Para Albano Pedro, todo esse processo decorre do alinhamento e da posição política em acção. Conforme explicou, diferente dos tribunais, que são órgãos que devem ser independentes, a PGR é um órgão hierarquizado e depende efectiava e directamente do Presidente da República por ser o topo da pirâmide.

“E, naturalmente, toda aquela situação de apatia que assistíamos durante o mandato do Presidente José Eduardo dos Santos, em que a PGR basicamente não acionava crime público nenhum, estava relacionada a conjuntura anterior. E o que se assiste actualmente deve ao momento político inaugurado pelo Presidente João Lourenço na qualidade de mais alto magistrado da Nação”, apontou.

Alargar a actuação Ontem, a Procuradoria-Geral da República abriu a semana da legalidade com uma série de eventos desde colóquios, palestras, encontros e ciclos de conferência que, até amanhã, dia 28, tem como propósito elucidar o público sobre o papel e importância do órgão no sistema nacional de justiça. Para o sociólogo Castro Santareno, apesar dos ganhos a nível do sector da justiça, a actuação da PGR tem sido parcial na medida em que parece ter maior actuação contra um grupo menos contra outros.

“Actuação deve ser alargada.

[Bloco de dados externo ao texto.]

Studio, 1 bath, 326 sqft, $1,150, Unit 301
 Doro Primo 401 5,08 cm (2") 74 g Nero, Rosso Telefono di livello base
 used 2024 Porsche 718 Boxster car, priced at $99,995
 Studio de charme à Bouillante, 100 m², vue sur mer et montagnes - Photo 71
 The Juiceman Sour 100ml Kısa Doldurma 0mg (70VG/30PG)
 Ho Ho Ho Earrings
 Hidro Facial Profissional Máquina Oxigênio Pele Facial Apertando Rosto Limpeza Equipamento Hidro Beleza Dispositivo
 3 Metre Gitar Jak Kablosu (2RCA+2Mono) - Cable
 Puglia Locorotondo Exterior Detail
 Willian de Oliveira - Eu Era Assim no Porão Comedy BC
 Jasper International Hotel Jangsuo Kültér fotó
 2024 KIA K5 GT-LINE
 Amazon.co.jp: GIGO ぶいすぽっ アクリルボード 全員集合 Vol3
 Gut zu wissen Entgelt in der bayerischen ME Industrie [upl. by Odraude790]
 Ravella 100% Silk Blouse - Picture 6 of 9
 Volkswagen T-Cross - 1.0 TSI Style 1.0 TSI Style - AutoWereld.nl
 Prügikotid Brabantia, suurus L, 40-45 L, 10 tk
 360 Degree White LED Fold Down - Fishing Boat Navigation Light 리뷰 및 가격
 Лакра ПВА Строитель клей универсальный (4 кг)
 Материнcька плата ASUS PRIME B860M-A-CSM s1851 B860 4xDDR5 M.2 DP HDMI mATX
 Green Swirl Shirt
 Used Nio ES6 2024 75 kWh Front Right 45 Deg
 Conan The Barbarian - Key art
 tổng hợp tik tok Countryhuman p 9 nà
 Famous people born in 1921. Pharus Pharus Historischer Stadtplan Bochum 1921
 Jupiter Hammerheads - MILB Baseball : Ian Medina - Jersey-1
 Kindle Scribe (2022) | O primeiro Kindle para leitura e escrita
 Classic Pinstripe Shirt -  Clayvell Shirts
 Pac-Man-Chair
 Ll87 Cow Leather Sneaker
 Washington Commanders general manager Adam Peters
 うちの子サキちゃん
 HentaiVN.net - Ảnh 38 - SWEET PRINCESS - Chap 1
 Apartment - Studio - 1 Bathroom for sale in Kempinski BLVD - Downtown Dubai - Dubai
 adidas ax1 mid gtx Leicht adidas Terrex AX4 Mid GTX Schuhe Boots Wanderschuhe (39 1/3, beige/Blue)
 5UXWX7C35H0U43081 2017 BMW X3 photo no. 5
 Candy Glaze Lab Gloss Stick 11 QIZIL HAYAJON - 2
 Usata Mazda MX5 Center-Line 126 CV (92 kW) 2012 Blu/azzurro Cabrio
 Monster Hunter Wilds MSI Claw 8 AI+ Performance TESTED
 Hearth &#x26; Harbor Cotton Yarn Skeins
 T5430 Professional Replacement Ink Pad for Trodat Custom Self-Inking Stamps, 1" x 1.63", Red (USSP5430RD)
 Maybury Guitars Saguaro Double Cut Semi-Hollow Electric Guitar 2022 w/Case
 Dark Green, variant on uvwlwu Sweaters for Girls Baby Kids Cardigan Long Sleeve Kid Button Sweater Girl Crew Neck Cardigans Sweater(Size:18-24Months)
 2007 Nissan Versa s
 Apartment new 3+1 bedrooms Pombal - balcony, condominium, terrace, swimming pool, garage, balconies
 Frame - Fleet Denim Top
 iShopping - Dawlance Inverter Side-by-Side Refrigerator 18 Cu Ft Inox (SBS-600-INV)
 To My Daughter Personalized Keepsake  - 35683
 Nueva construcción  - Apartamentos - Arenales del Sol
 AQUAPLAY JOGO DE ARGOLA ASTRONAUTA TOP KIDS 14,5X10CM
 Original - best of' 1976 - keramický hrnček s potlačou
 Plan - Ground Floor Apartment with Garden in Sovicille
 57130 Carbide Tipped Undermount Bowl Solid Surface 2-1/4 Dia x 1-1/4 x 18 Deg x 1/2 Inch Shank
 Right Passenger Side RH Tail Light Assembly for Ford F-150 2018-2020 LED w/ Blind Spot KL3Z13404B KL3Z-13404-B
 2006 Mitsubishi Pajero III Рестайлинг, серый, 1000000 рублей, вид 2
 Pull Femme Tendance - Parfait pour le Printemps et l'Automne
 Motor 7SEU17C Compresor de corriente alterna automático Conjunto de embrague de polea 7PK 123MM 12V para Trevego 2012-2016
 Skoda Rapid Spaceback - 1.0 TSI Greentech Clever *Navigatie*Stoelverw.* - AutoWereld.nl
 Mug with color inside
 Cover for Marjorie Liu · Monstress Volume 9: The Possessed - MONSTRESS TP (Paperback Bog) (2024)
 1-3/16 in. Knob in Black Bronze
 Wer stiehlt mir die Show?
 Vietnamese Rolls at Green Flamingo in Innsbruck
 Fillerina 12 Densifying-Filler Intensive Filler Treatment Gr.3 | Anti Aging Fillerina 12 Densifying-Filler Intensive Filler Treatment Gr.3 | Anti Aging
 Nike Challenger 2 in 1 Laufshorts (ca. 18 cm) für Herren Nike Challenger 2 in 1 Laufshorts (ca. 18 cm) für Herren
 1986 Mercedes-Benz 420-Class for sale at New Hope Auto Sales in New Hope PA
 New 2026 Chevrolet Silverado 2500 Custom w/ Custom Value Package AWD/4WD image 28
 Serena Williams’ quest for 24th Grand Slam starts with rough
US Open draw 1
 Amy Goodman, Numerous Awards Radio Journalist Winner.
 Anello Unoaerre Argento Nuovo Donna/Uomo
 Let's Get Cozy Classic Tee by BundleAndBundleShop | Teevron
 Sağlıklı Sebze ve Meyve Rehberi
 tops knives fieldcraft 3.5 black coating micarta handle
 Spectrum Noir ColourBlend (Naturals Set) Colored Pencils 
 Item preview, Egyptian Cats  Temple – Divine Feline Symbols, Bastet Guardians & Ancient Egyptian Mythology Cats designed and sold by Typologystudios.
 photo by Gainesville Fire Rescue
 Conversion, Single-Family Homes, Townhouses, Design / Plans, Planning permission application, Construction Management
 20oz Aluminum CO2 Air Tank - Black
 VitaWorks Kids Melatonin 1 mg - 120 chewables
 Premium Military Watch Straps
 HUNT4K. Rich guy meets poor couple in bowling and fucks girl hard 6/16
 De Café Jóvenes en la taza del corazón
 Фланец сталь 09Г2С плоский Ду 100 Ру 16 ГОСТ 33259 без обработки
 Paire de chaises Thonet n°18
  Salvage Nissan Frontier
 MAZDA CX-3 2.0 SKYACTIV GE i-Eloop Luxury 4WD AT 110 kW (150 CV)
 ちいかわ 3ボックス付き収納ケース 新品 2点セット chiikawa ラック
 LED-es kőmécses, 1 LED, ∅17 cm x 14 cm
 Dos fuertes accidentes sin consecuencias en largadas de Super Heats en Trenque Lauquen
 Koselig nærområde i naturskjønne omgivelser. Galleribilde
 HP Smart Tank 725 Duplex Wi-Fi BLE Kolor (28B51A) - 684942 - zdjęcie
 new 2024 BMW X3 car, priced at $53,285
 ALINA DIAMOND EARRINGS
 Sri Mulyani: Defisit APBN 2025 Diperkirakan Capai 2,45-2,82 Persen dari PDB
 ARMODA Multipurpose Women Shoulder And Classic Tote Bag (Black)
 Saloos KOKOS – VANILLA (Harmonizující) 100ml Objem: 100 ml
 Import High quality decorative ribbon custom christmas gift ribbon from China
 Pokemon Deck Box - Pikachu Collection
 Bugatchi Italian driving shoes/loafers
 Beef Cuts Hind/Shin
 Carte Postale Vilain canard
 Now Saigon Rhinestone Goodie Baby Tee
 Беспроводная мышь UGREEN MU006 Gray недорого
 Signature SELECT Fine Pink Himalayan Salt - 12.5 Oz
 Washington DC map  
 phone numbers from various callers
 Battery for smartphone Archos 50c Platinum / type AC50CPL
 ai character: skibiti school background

Ainda temos muita gente próxima ao actual poder que é acusada de diversos crimes e não são tocados pela PGR. Dá um sentimento de parcialidade o que não é bom”, apontou.

Desafios

Uma das dificuldades que o órgão de justiça enfrenta, segundo o procurador-geral, Hélder Pitta Gróz, prende-se com a diminuta quantidade de recursos humanos.

Conforme deu a conhecer, recentemente, em 2020, a PGR funcionou com 565 magistrados do Ministério Público em todo o país, um rácio de 1,8 por cada 100 mil habitantes, o que se mostra aquém das recomendações das organizações internacionais que apontam para um ideal de sete procuradores para cada 6 mil habitantes.

Hélder Pitta Gróz disse igualmente que é também insuficiente o número de funcionários administrativos e técnicos de justiça.

Continuar a luta

Apesar de muitos continuarem ainda a remar em sentido contrário, o Presidente da República, João Lourenço, já deixou claro, recentemente, que a luta contra a corrupção, branqueamento de capitais e a impunidade, o tráfico de drogas e de seres humanos vai continuar no país.

João Lourenço, denunciou ainda a existência de pessoas que, após delapidarem o erário, têm-se forçado e organizado campanhas para denegrir ou desacreditar a justiça e o Estado angolano, tendo assegurado que o seu Executivo não se vai imiscuir na acção da justiça, tendo incentivado os juízes a cumprirem com o seu papel.